How can counseling help me?
A number of benefits are available from participating in counseling. Therapy can provide support, problem-solving skills, and enhanced coping strategies for issues such as depression, anxiety, relationship troubles, unresolved childhood issues, grief, stress management, body image issues, and creative blocks.
Many people also find that counselors can be a tremendous asset to managing personal growth, interpersonal relationships, family concerns, marriage issues, and the hassles of daily life. Counselors can provide a fresh perspective on a difficult problem or point you in the direction of a solution. The benefits you obtain from counseling depend on how well you use the process and put into practice what you learn.
Some benefits of counseling:
- Attaining a better understanding of yourself, your goals, and values
- Developing skills for improving your relationships
- Finding resolution to the issues or concerns that led you to seek therapy
- Learning new ways to cope with stress and anxiety
- Managing anger, grief, depression, and other emotional pressures
- Improving communication and listening skills
- Changing old behavior patterns and developing new ones
- Discovering new ways to solve problems in your family or marriage
- Improving your self-esteem and boosting self-confidence
Do I really need therapy? I can usually handle my problems.
Everyone goes through challenging situations in life, and while you may have successfully navigated through other difficulties you've faced, there's nothing wrong with seeking out extra support when you need it. In fact, counseling is for people who have enough self-awareness to realize they need a helping hand, and that is something to be admired. You are taking responsibility by accepting where you're at in life and making a commitment to change the situation by seeking counseling. Therapy provides long-lasting benefits and support, giving you the tools you need to avoid triggers, re-direct damaging patterns, and overcome whatever challenges you face.

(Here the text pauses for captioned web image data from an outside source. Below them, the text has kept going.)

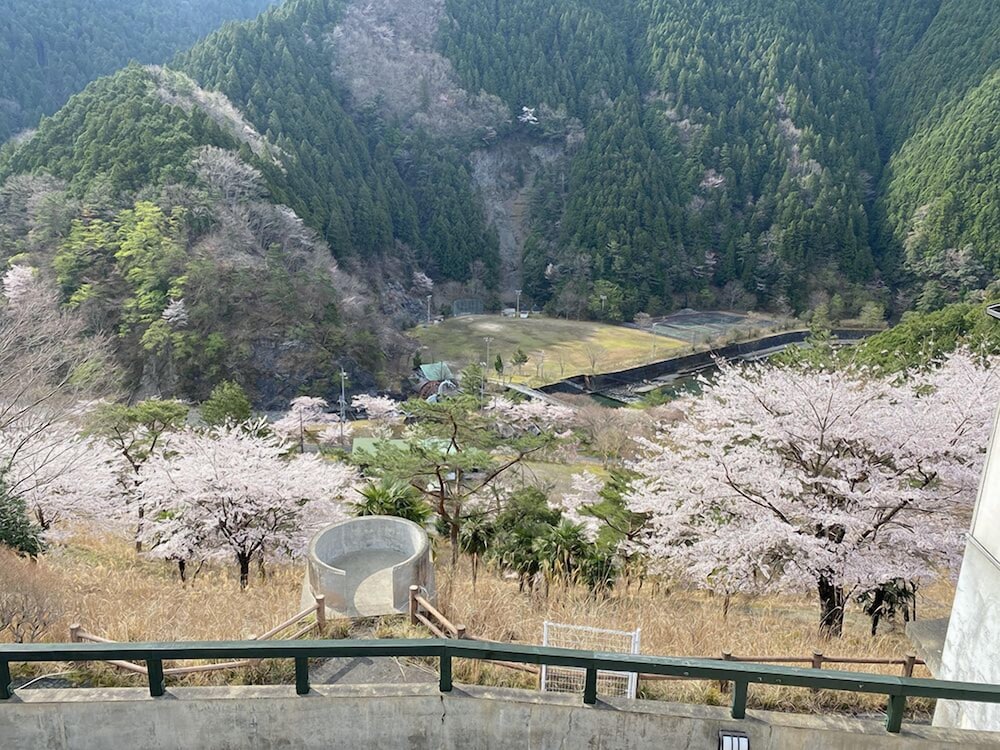 Фото Riverside Hostel B&b – Hostel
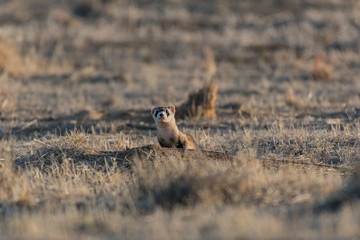 Endangered Black-footed Ferret
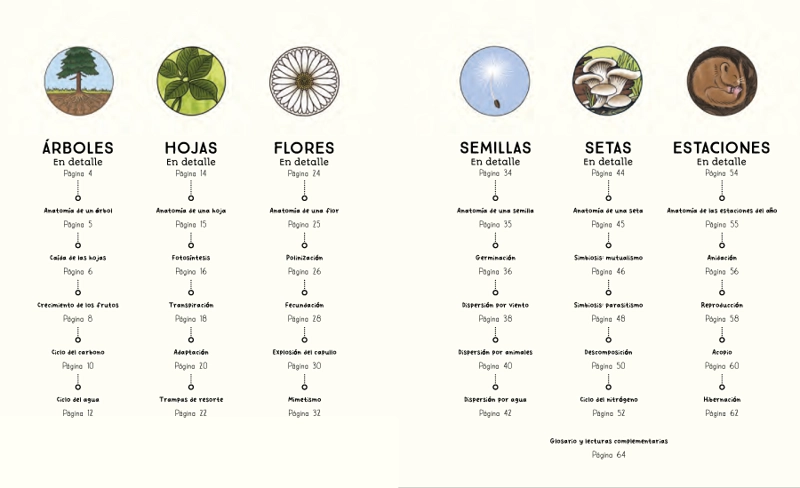 CICLOS DE LA NATURALEZA - 2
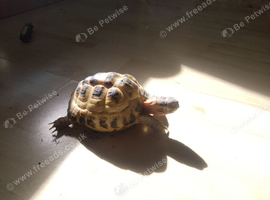 Single ~4.5 year old Female Horsfield Tortoise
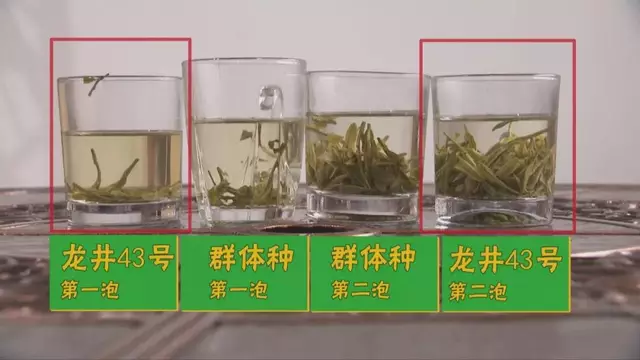 烏牛早和龍井的區(qū)別圖片，龍井43號和烏牛早茶的對比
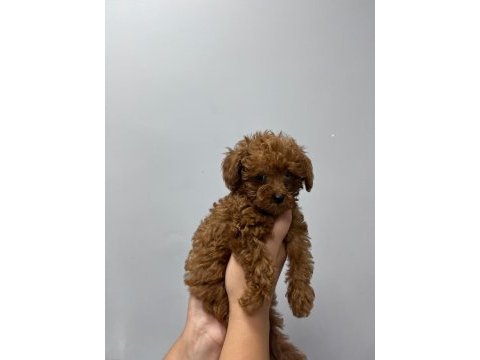 Kore tea cup poodle yavrular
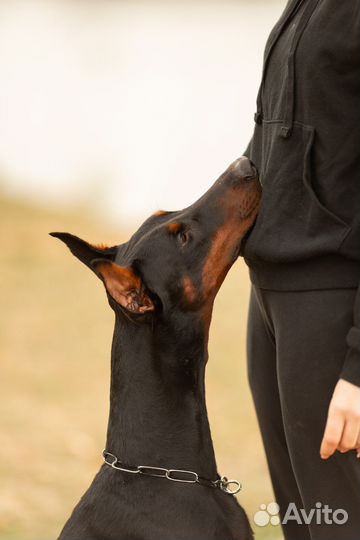 Фотосессия с доберманом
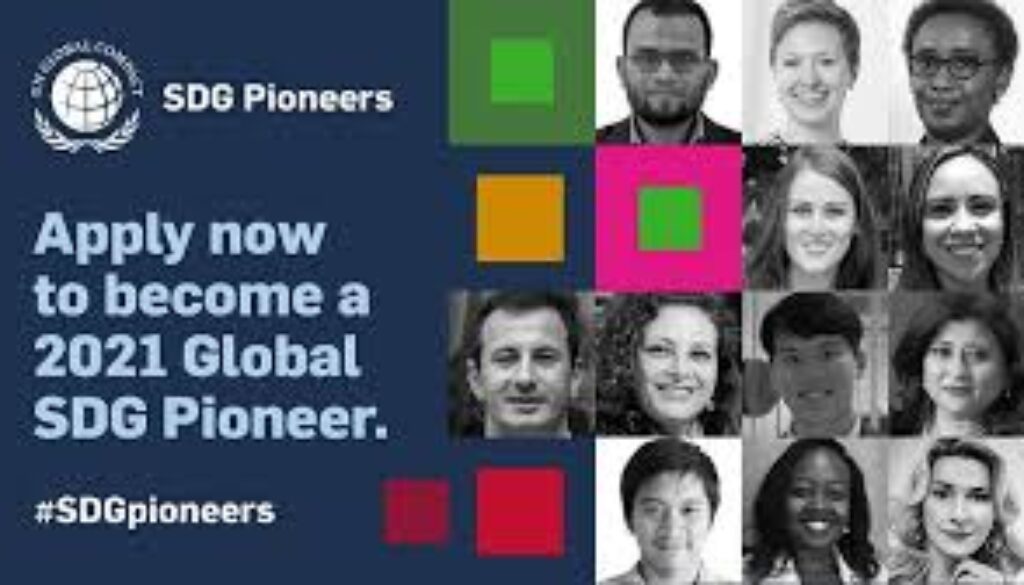 SDG pioneers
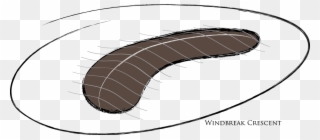 Wind Is A Serious Issue On The Coastal Property, Since Clipart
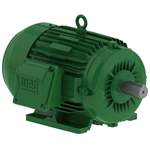 00736EG3E213T-W22 WEG 7.5HP Electric Motor, 3600RPM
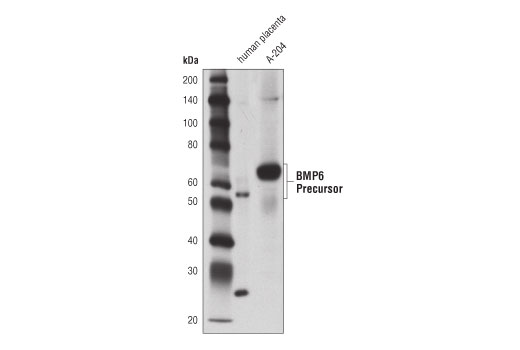 BMP6 (Precursor Specific) (D2V5Z) Rabbit mAb
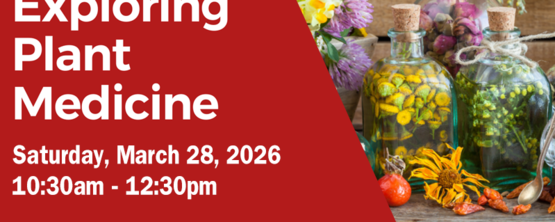 Exploring Plant Meds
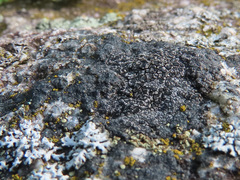 Rhizocarpon distinctum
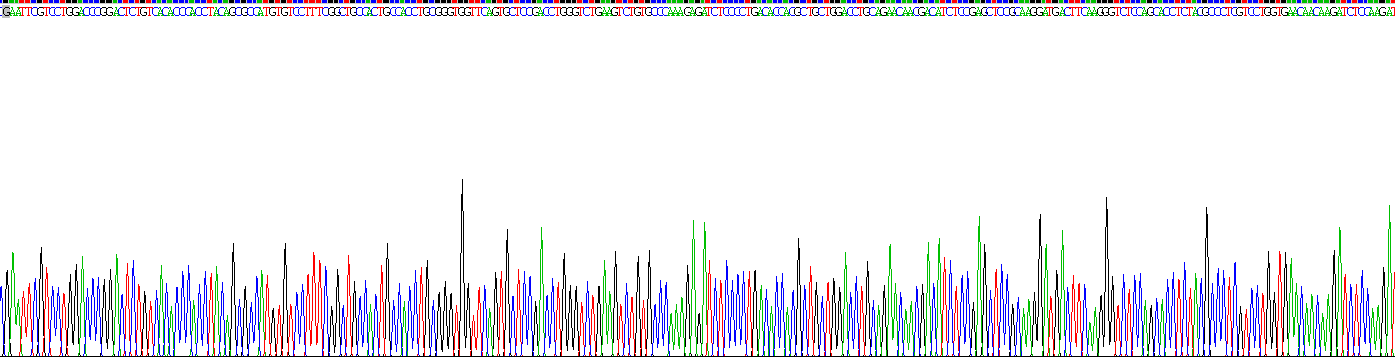 Recombinant Biglycan (BGN)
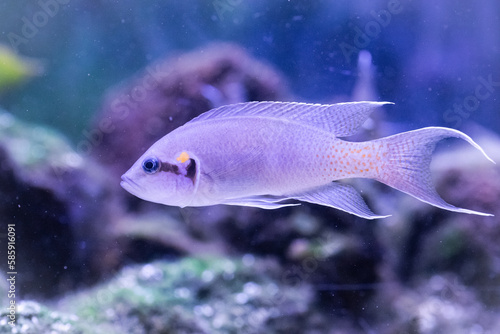 Fotografie Fairy cichlid (Neolamprologus brichardi)
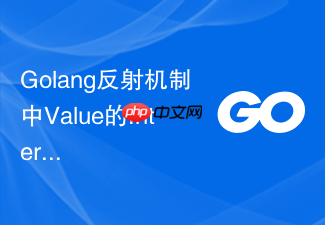 golang反射机制中value的interface方法安全调用指南
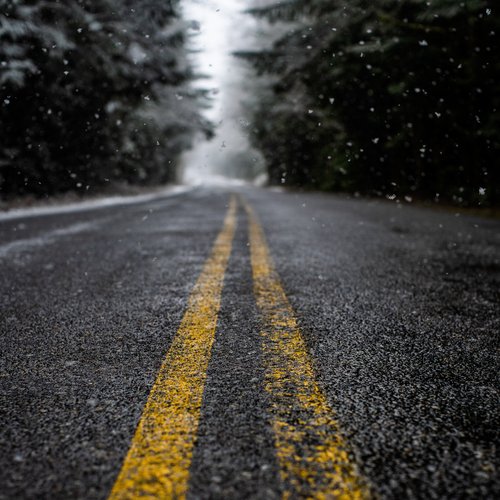 Sleepy Melodies | Rainforest Rainshower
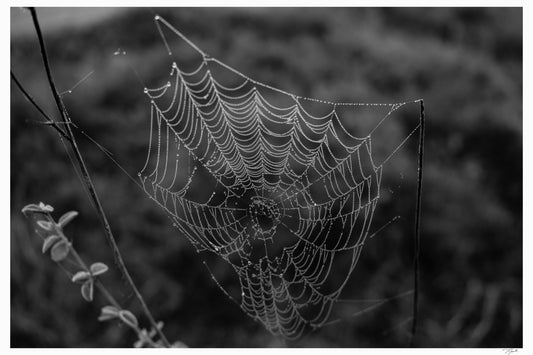 Dewdrop Web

Why do people go to counseling and how do I know if it is right for me?
People have many different motivations for coming to counseling. Some may be going through a major life transition (unemployment, divorce, new job, etc.), or are not handling stressful circumstances well. Some people need assistance managing a range of other issues such as low self-esteem, depression, anxiety, addictions, relationship problems, spiritual conflicts, and creative blocks. Therapy can help provide some much needed encouragement and help with skills to get them through these periods. Others may be at a point where they are ready to learn more about themselves or want to be more effective with their goals in life. In short, people seeking counseling are ready to meet the challenges in their lives and ready to make changes in their lives.
What is therapy like?
Because each person has different issues and goals for counseling, counseling will be different depending on the individual. In general, you can expect to discuss the current events happening in your life, the personal history relevant to your issue, and report progress (or any new insights gained) from the previous counseling session. Depending on your specific needs, therapy can be short-term, for a specific issue, or longer-term, to deal with more difficult patterns or your desire for more personal development. Either way, it is most common to schedule regular sessions with your counselor (usually weekly).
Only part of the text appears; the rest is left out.